WORK TO COMPLETE:
Print the data that follows word for word, leaving out any picture.

DATA BLOCK:

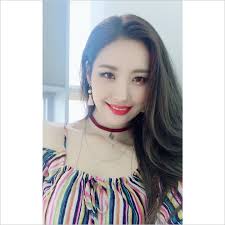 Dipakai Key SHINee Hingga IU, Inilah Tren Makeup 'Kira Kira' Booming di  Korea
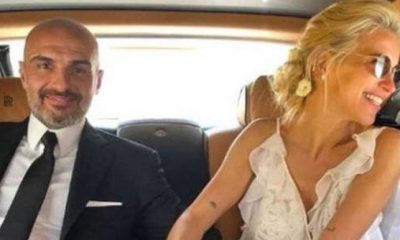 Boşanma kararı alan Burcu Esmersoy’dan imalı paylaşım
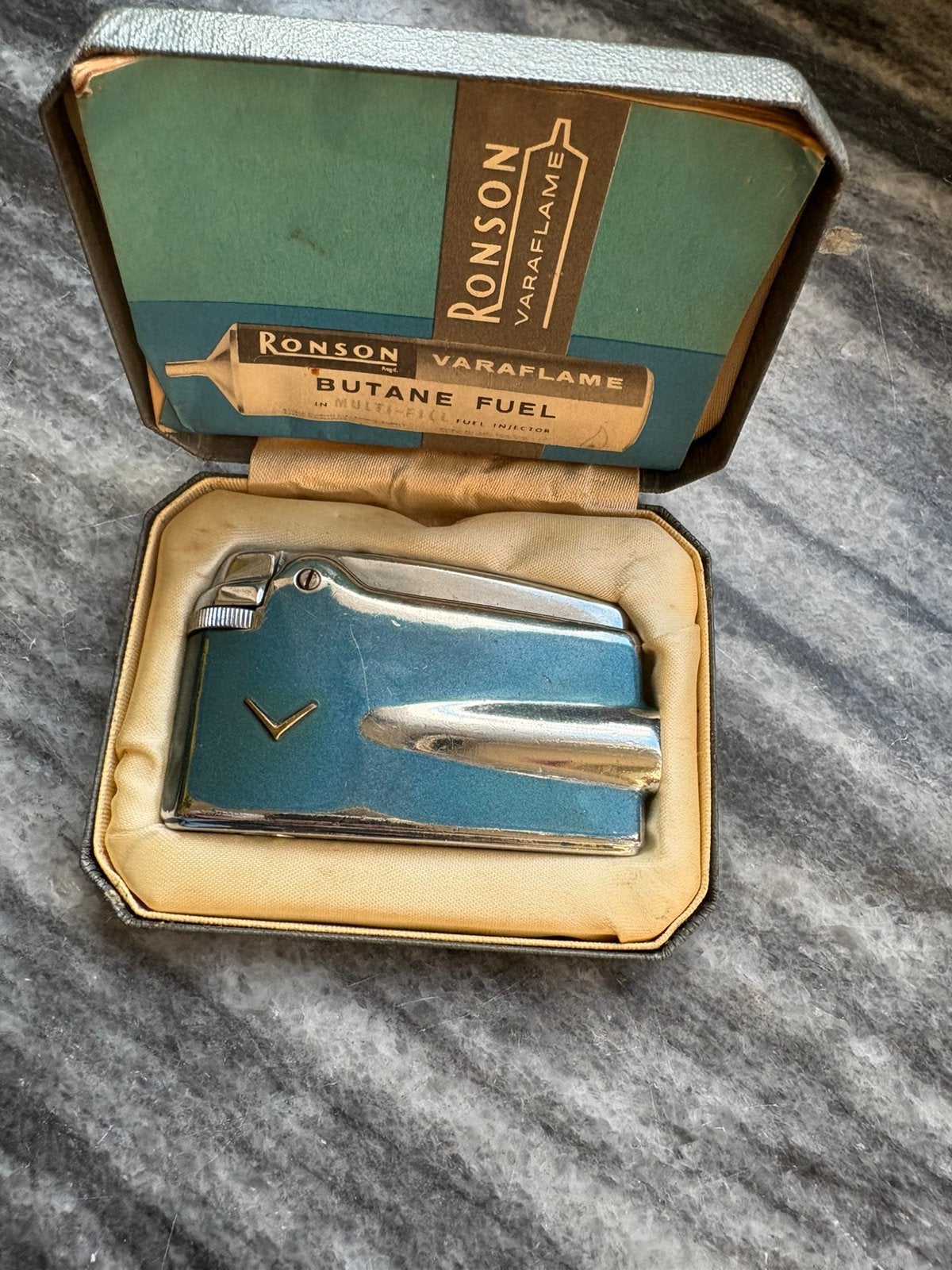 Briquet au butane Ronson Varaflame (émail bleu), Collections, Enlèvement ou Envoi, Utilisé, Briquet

EXERCISE RESPONSE:
 Dipakai Key SHINee Hingga IU, Inilah Tren Makeup 'Kira Kira' Booming di  Korea
 Boşanma kararı alan Burcu Esmersoy’dan imalı paylaşım
 Briquet au butane Ronson Varaflame (émail bleu), Collections, Enlèvement ou Envoi, Utilisé, Briquet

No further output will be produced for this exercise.